Sidelining scholarship that includes a book chapter and Kugle's book from 2010, Ali's guests, both Haroon Moghul and Mehdi Hasan, indicated that they were not aware of any Islamic case for Muslim same-sex unions.

It seems that straight Muslims find it easier to address LGBT concerns in a secular context than a Muslim framework. However, straight allies can take heart from LGBT Muslims, who walk the tight rope between anti-Muslim bigotry and homophobia and assert their truth irrespective of personal costs.

Indeed, such activists remind us of our common humanity, that it is not about "Muslims versus the LGBT" or "us versus them," for they exist in the intersection.

Shaykh Daayiee Abdullah and Faisal Alam, who continue to receive online abuse from hateful Muslims, have been speaking out at great personal cost since the 90s, before it was mainstream to speak out on LGBT concerns. Like El Farouk Khaki and Imtiaz Popat, they have invested tremendous efforts towards all-inclusive community spaces.

Similarly Omar Sarwar, a young graduate student in New York, spends a considerable amount of time educating fellow Americans against anti-Muslim bigotry and fellow LGBT persons against racism.

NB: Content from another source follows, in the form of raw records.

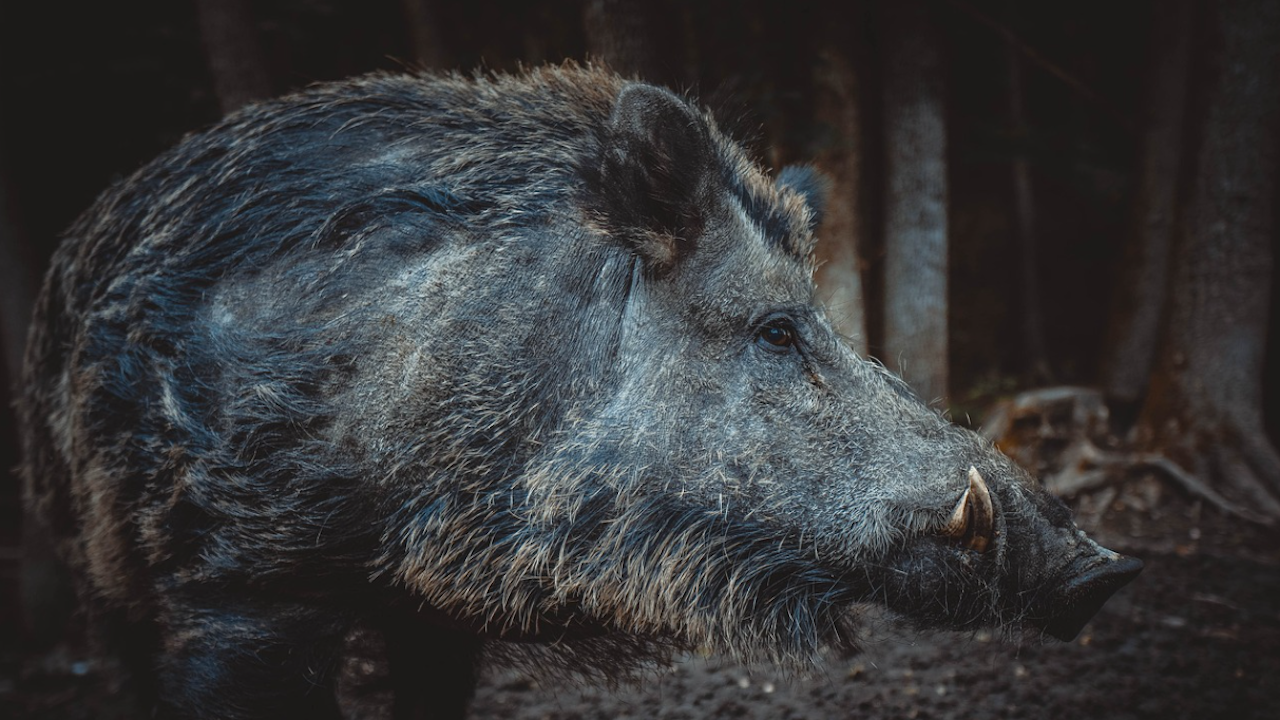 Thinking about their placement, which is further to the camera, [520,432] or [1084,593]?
[520,432]

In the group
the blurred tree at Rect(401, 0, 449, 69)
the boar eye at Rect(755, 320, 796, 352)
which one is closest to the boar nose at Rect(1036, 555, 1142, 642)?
the boar eye at Rect(755, 320, 796, 352)

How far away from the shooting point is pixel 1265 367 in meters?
7.61

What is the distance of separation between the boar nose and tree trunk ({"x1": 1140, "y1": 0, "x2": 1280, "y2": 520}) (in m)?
5.15

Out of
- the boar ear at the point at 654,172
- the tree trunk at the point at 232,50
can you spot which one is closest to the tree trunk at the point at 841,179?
the boar ear at the point at 654,172

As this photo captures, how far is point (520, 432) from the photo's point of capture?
2.39 metres

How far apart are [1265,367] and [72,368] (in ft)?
30.3

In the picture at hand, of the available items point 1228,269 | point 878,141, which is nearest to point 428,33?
point 878,141

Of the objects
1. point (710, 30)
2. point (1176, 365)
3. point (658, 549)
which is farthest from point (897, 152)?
point (658, 549)

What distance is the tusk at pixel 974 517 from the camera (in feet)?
7.07

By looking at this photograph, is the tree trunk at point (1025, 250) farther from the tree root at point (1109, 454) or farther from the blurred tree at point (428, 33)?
the blurred tree at point (428, 33)

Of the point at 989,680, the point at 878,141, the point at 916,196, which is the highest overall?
the point at 878,141

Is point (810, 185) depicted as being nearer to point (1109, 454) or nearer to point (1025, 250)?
point (1109, 454)

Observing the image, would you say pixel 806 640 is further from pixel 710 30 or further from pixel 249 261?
pixel 710 30

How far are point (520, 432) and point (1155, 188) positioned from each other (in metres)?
7.97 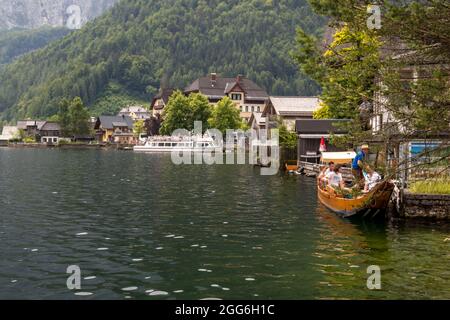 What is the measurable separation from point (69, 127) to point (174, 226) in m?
169

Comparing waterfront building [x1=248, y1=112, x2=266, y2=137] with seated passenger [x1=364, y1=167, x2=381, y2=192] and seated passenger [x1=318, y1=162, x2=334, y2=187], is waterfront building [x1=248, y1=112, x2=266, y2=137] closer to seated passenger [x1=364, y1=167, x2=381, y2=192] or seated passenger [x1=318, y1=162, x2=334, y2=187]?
seated passenger [x1=318, y1=162, x2=334, y2=187]

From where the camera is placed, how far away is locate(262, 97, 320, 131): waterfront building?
79.6m

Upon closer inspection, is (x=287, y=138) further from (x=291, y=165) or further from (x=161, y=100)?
(x=161, y=100)

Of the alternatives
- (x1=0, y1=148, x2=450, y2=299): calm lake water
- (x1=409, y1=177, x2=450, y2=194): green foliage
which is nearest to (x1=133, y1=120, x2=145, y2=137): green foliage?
(x1=0, y1=148, x2=450, y2=299): calm lake water

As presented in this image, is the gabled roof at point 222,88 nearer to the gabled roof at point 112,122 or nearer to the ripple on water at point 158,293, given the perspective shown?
the gabled roof at point 112,122

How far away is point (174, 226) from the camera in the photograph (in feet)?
80.0

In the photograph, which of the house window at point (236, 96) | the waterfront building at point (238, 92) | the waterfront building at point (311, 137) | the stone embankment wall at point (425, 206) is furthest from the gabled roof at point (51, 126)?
the stone embankment wall at point (425, 206)

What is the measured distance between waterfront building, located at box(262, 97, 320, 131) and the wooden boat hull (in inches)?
1970

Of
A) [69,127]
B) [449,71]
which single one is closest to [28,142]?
[69,127]

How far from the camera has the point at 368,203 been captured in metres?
25.0

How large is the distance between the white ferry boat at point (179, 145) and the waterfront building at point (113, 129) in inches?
1517

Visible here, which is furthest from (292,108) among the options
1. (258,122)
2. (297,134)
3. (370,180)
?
(370,180) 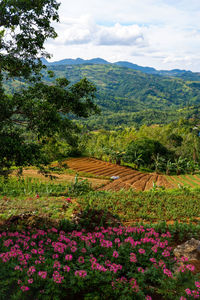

There exist many other LGBT Muslim activists, with different genders and identities, like Mark Brustman, Terna Tilley-Gyado, Tynan Power, Urooj Arshad, and Kaamila Mohamed, who may differ in their approaches to activism. As such, the LGBT Muslim movement is not comprised of a centralized uniform approach.

Regardless, straight Muslim allies can include LGBT Muslim voices in their conversations to avoid usurping the agency of LGBT Muslim activists. This may also help diminish unreasonable arguments churned out by conservative Muslims ad nauseam.

By including an LGBT Muslim voice, Ali would have enriched his podcast conversation. Ali's guest had asserted:

"no young, single Muslim male goes to the mosque and says , I'm here to pray Juma (Friday prayer) but I just want you to know that I had some liquor last night and I slept with my girlfriend last night, these are private things ... the mosque is not the place ... how much do we talk about these things in public spaces ... and we demand that you accept things that might make you uncomfortable"

An LGBT Muslim activist may have retorted that the human need for intimacy, affection and companionship should not be conflated with alcohol consumption and fornication.

Conservative Muslim leaders, who feel that "democracy and equality are a sham," who prefer "a pre-modern morality of Islam" and "black and white answers," often try to stall a reasonable conversation on LGBT concerns.

Such leaders are unable to distinguish LGBT persons who strengthen families from those who break families through incest, by sexually traversing ties based on milk, semen and blood.

Some conservative Muslim leaders unreasonably argue that the LGBT community is responsible for its own oppression through public display of "homosexuality." Would such leaders make the same argument for Muslims through public display of hijabs and beards?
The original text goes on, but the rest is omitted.